Allein die Tatsache, dass man sich zu einem IQ-Test anmeldet, sorgt allerdings für Gesprächsstoff. Ein IQ-Test stand auf meiner Lifetime-Bucketlist, genauso wie irgendwann einmal Klavierspielen auszuprobieren. Es hatte mich aber in den letzten Jahren vermehrt genervt, dass ich im Berufsleben nicht verstanden werde, man mir nicht folgen kann oder ich das Gefühl hatte, dass Mitmensch gewisse Sachverhalte nicht erfassen. Klar, wir denken alle auf unterschiedliche Weise und kommen aufgrund unserer Erfahrungen auf verschiedenste Korrelationen, wenn es um das Lösen von Problemen geht.

Vermutlich suchte ich mit dem IQ-Test eine Rechtfertigung, für meine eigenen Fehlbelange, die ich so an den Tag lege. Eine bequeme Entschuldigung für dies oder jenes – das wäre etwas Schönes. Ich könnte mich zurücklehnen und ihn für alles, was schief läuft als Beschönigung nehmen.

Der Test

Ich fuhr samstagmorgens nach Hannover zum Test. Nach etwa 5 Stunden Schlaf, da ich die Nacht zuvor mir den Trennungsleid einer Freundin anhörte. Es war mir gleichgültig, ich machte den Test völlig unvorbereitet und ohne jeglichen Anspruch. Ich muss sagen, Mathematik fiel mir wirklich leicht. Ich habe in der vorgegebenen Zeit alle Aufgaben 2x gerechnet, nur um sicher zu sein, dass die Ergebnisse stimmen. Mir fiel aber auf, dass ich in der Zuordnung von Wortgattungen das Oberstübchen anstrengen musste. Der Rest war ok.

Das Ergebnis hinterlies Spuren

Nach 2 Wochen bekam ich Post. Ich hatte ein mulmiges Gefühl, denn was ist, wenn die Zahl unter den Erwartungen liegt? Was ist, wenn die Zahl nicht bei den erwarteten 100 liegt? Und was ist aus den 5% Abweichung durch Tagesform? Fragen über Fragen, die sich in meinem Kopf häuften.

Ich las meinen IQ und hielt es für einen Fehler. Ich habe etwa 2 Tage gebraucht, um nicht mehr darauf rum zu denken und habe ein paar Gespräche mit Menschen geführt, die hochbegabt (in Deutschland ein IQ über 130) sind. Keine Sorge, ich bin nicht hochbegabt, denn knapp daneben ist auch vorbei.

Da war es wieder mein großes Problem. Ich bin nicht einmal hochbegabt. Ein Gefühlszustand, den ich erstmal einmal verknusern musste.
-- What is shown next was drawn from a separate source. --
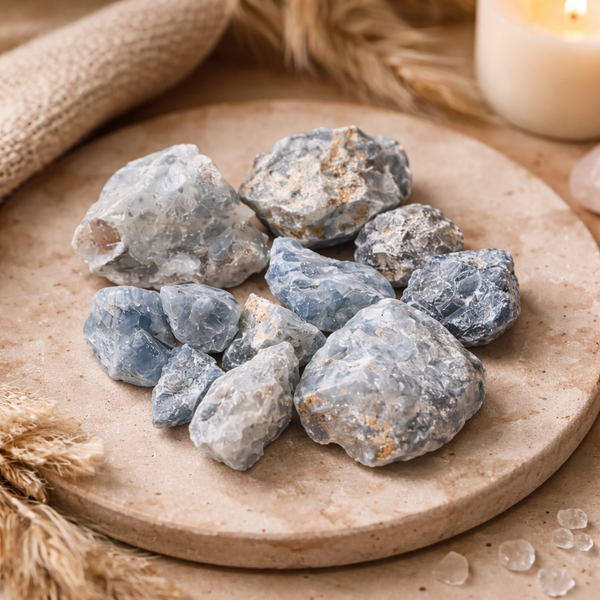 Ruwe Blauwe Calciet Steen ±500g ±2-8cm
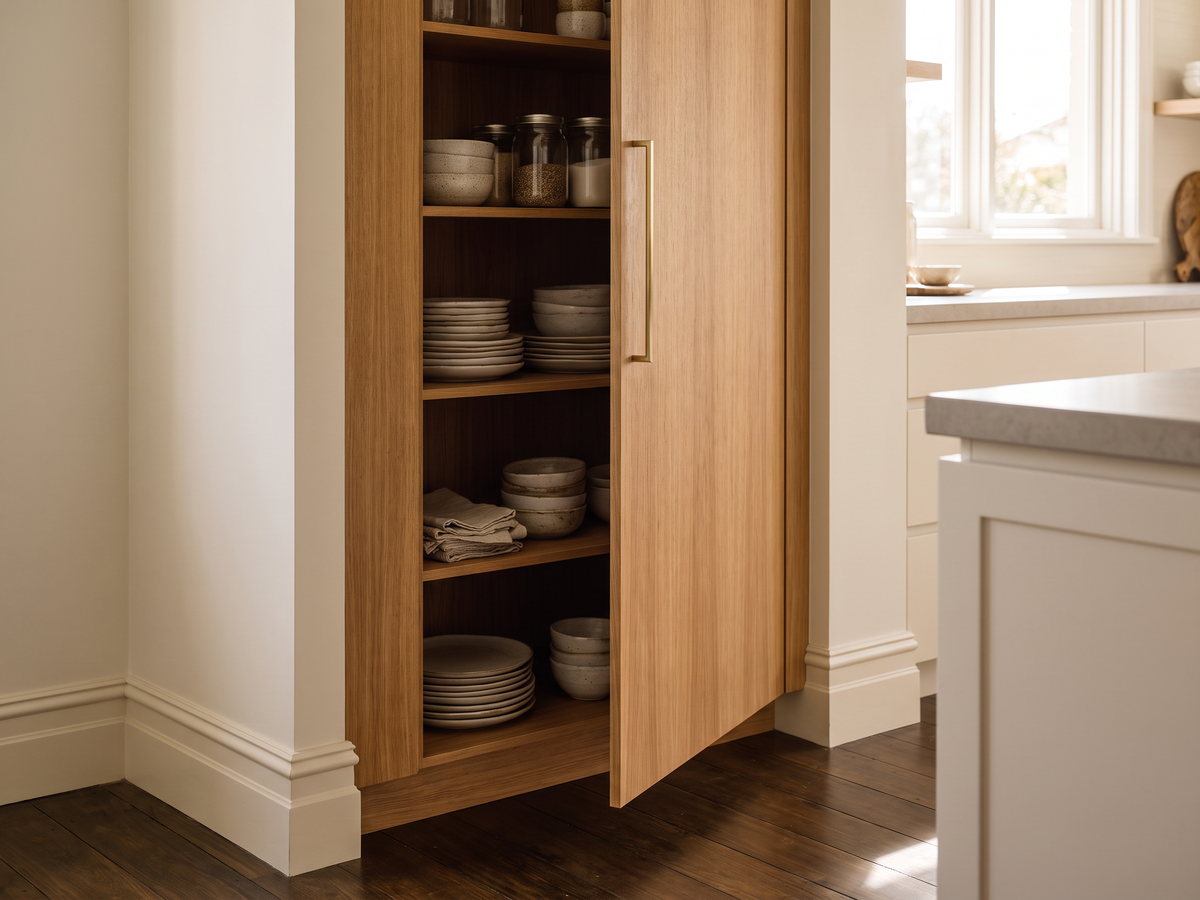 Timber veneer pantry and cabinetry inside a Cooks Hill terrace kitchen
Ich lebe in einem Kreis zwischen »Nichts ist gut genug« (für mich) und es nicht geschafft zu haben. In Relation gesetzt, ist dies großer Humbug. Ein überdurchschnittlich IQ sagt erstmal nichts aus. Es ist ähnlich wie überdurchschnittlich gut aussehen. Gut, mit dem Aussehen kann man wenigstens Geld auf Instagram verdienen. Es ist aber eine Sache, für die ich selbst nichts kann.

Spaß beiseite. Und deswegen schreibe ich diesen Artikel. Hochbegabt zu sein, heißt nicht, dass man superschlau ist. Es bedeutet, dass durch eine intellektuelle Begabung, für die Person bestimmte Sachverhalte schneller klar werden. Es gibt eben auch viele Inselbegabungen, die weit über die reine mentale Veranlagung hinausgeht wie z.B. die Kreativität bei Künstlern. Der Rest ist eben gesellschaftliches Gewäsch (meine Meinung).
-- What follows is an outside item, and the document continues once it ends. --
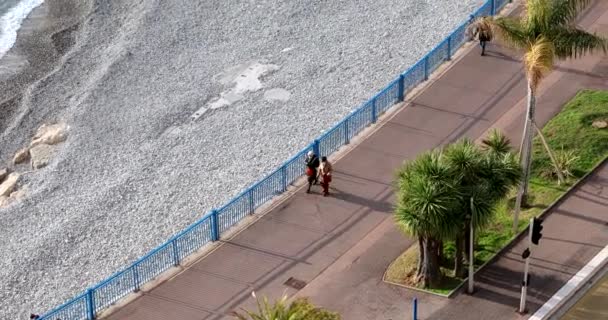 ニース フランス 2021年1月11日 プロムナード アングライスを歩く人々の空中ビューを移動する フランスのリビエラのヤシの木と大きなペブルビーチ フランス ヨーロッパ Dci Video — ストック動画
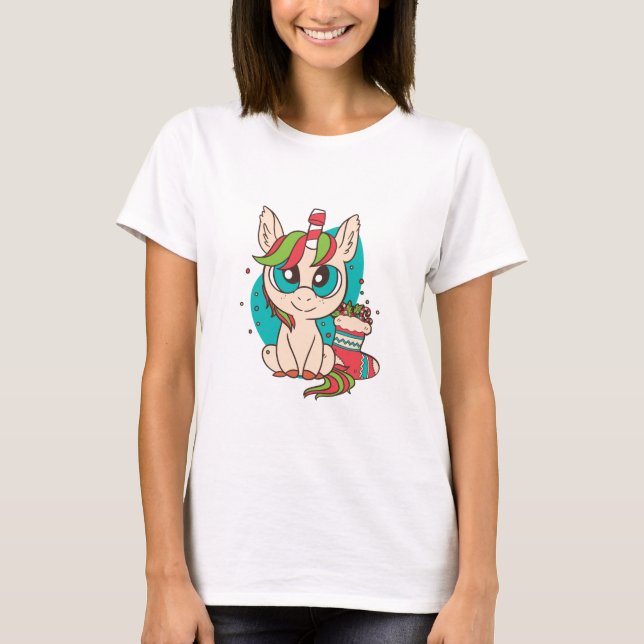 Camiseta Navidades de Unicornio (Anverso)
Austausch mit Menschen mit gleichem Betriebssystem

Die Information, dass ich eventuell gar nicht jahrelang den Anschluss im Meetingraum verloren habe, hätte ich gern eher gehabt. Es erschließt sich endlich, wieso ich das Interesse verliere, wenn ich eine Sache verstanden oder abgeschlossen habe oder dort den Zenit erreicht habe. Es langweilt mich. Und ich bin nicht allein. Es gibt viele Menschen da draußen, denen es so geht! Ich habe das große Glück, einige davon gesprochen zu haben.
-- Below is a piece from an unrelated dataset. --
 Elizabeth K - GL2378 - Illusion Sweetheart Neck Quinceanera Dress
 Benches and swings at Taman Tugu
Das Betriebssystem ist eine schöne Metapher. Ich ticke anders, überspringe Zwischenschritte, mache mir weniger Notizen als andere und brauche privat keinen Kalender. Mein Betriebssystem hat für solche Dinge einen guten Zwischenspeicher. Ich erstelle mathematische Zusammenhänge zwischen Zahlen in einer Telefonnummer, um sie mir einfacher merken zu können. Ich kenne fast alle Preise der Produkte im Supermarkt und weiß ganz genau, wann nach der Angebotswoche ein Produkt um 5 oder 10 Cent angehoben wurde. Der Kniff ist ja folgender: Produkt kostet 99 Cent, im Angebot 79 Cent, es sind aber 33%, weil der Ursprungspreis mit 1,19€ angegeben wird. Ich dachte, das sei völlig normal, dass man diese Dinge erkennt. Scheinbar nicht.

Die Selbsterkenntnis

Es hat 38 Jahre gebraucht, damit ich erkenne: bist’n Fuchs. Und Füchse sind gar keine Rudeltiere. Es tut unheimlich gut zu wissen, dass ich anders ticke und ich nicht allein damit bin. Ich nun Menschen kenne, denen es ähnlich geht und wir uns in unseren Erzählungen mit einem euphorischen »Ja, ja! Ganz genau!« bestätigen. Ich kann nun nachvollziehen, wieso Gesprächspartner so reagieren, wenn sie erfahren, dass ich Autodidakt bin.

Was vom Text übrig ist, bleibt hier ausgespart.